Petrovina frowned. "Did you know this man?"
"No. He was a complete stranger to me."
"Then I do not understand."
"Nor did I. Nor do I still. But he was adamant that the items for sale at his stand were from me. He claimed that I had allowed him and others like him into this very building. They are the ones who emptied it of furnishings."
"He mistook you for someone else," Petrovina said. "That is, assuming you did not give away Institute furniture." She laughed a tinkling little laugh. Director Chutesov's face was deadly serious.
"I did not. Not that I can remember. But there were a few others at the market who made the same claim. I could not believe that they were all insane. When I pressed them, they were able to give a fairly detailed description of the interior of this supposedly secret building."
Petrovina was intrigued. "Thieves," she said. "They somehow got in here and stole whatever they were selling. What is it they had for sale, by the way?"
"Blankets, cots, storage bins. The Institute was apparently home to some secret garrison. And, no, Petrovina, they were not simple thieves. If there was a break-in, I would have known of it. Or should have. No, the likeliest, if most disturbing conclusion to be reached is that I did indeed open the doors of the Institute and allowed strangers inside to empty it out."
Petrovina was at a loss. "Forgive me, Director Chutesov, but what does it mean?"
Anna Chutesov tapped a slender finger to her own forehead. There were care lines in the perfect porcelain skin. They had appeared only recently.

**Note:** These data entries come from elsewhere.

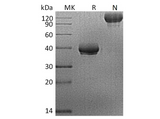Recombinant Human BCMA/TNFRSF17 Protein (Fc Tag) - ABMIUM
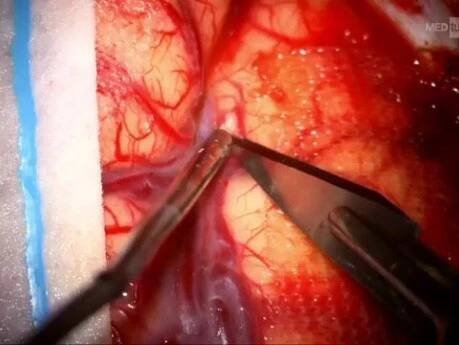 Right FTP Craniotomy and Resection of Clinoidal Meningeoma 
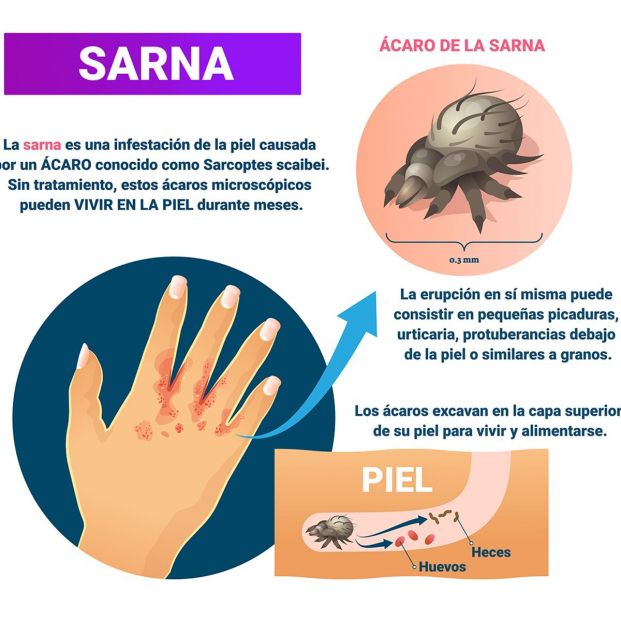 Sarna. Qué se sabemos de esta enfermedad que afecta a la piel 6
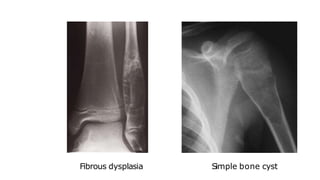 Fibrous dysplasia Simple bone cyst
 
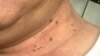 Hỏi đáp Y học: Thịt dư da (Skin tags)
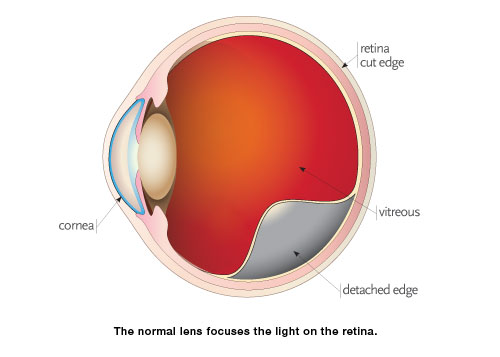 detached retina recovery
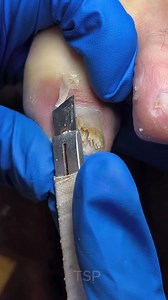 Gentle trim, shiny finish ✨#toenailcare | Pictures of Art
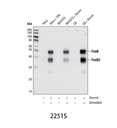 FosB (5G4) Rabbit mAb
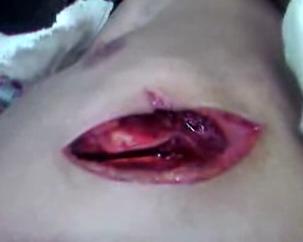 5467-wide-open-stab-wound.jpg
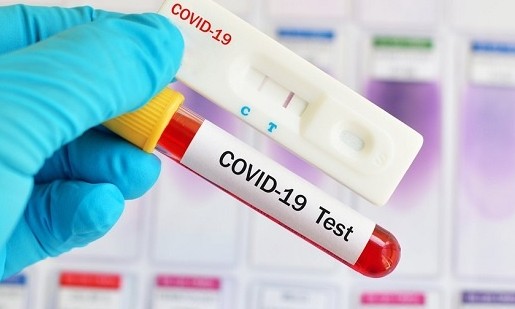 ANS suspende medida que obrigava planos de saúde a cobrir teste de coronavírus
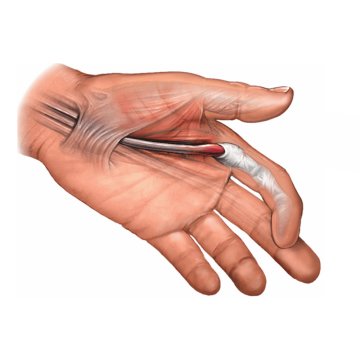 Trigger Finger Release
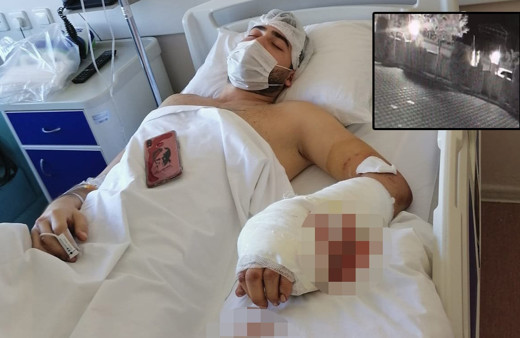 Bursa'ya çocuğunu görmeye gitti bu hale geldi! Dehşet anı kamerada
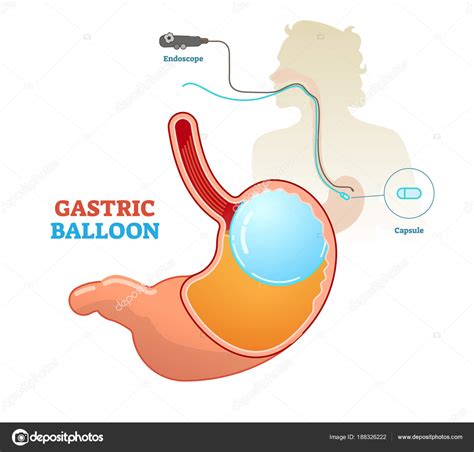 Gastric Balloon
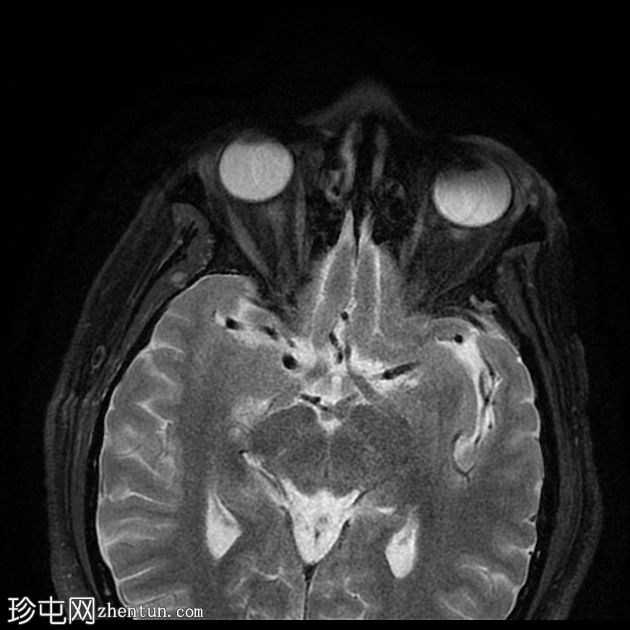 腮腺导管结石及良性淋巴上皮病变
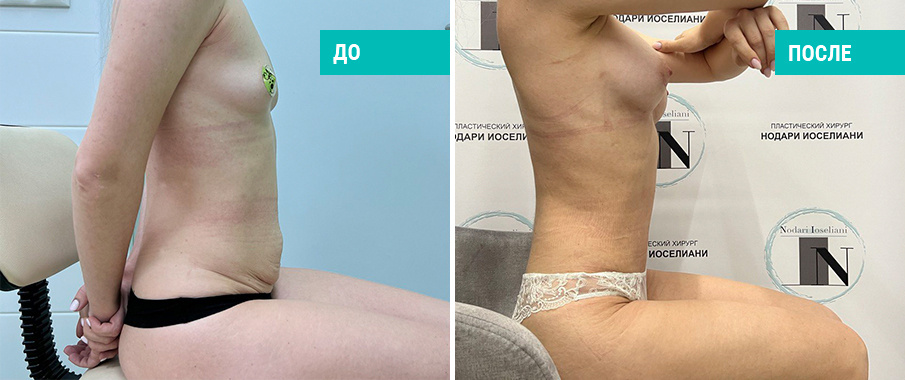 Фото пациентки Н. Б. Иоселиани до и после комплексного восстановления (маммопластика + абдоминопластика)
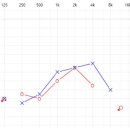 광주 보청기 이미지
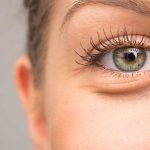 Eye Bags Be Gone! Natural Remedies for Tired Eyes Eye Bags Be Gone! Natural Remedies for Tired Eyes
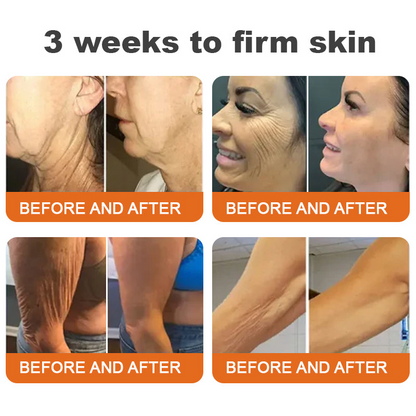 Made and Shipped from USA✨TLOPA® Botox Bee Venom Firming Serum Stick(🔥LAST DAY 70% OFF)💄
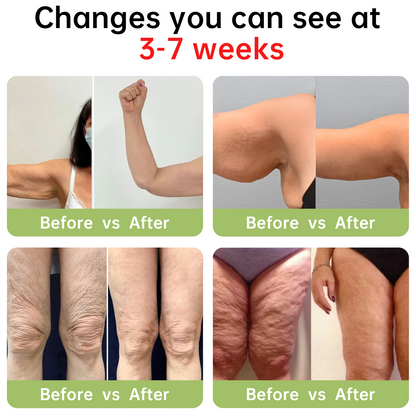 ✅Dobshow™ Luxury Collagen Peptide Firming Cream - Natural Ingredients - 🎖️Clinically Proven🎖️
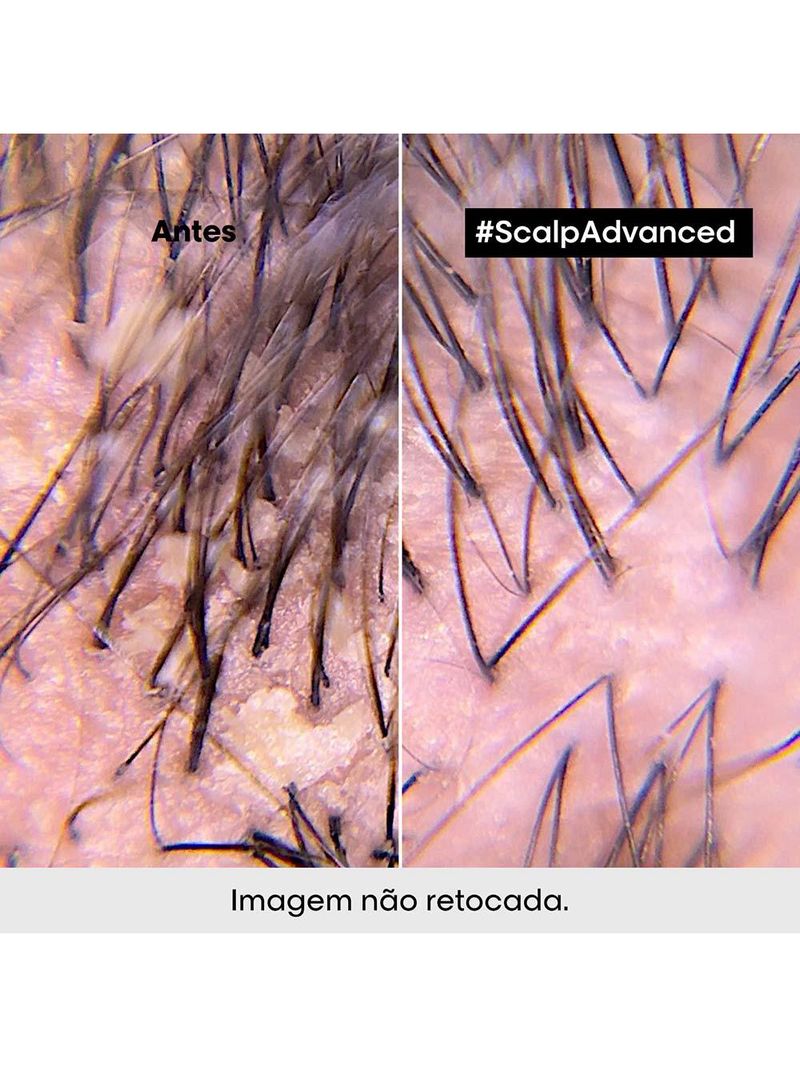 L'oréal professionnel scalp dermo clarifier shampoo anticaspa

"I think, Agent Bulganin, that there is a piece of something missing," Director Chutesov said. "Up here. One day I will find out what was taken and how. And when that day comes, woe to the man who took it from me."
Petrovina understood. Director Chutesov believed that some invisible someone had stolen parts of her memory. That it was a man was a given. Agent Bulganin had learned early on that her superior at the Institute was a staunch feminist. This was why no men worked in the big concrete building.
"That is why you called me here," Petrovina said confidently. "To look into this matter."
Director Chutesov shook her head. "There is not enough information at the moment. I will continue to investigate this myself. We will address it when the time comes. You are here for another reason. The usual reason, in my experience. To clean up a mess the men have left for us."
The Institute director reached inside her top drawer. She tossed a file across her desk.
Petrovina noted that there were old Red Army codes on the flap. Inside was data on a shipyard in Latvia, as well as detailed personnel information on several former Russian navy men. Agent Dvah scanned the old photograph of a Captain Gennady Zhilnikov. The picture was ten years out of date.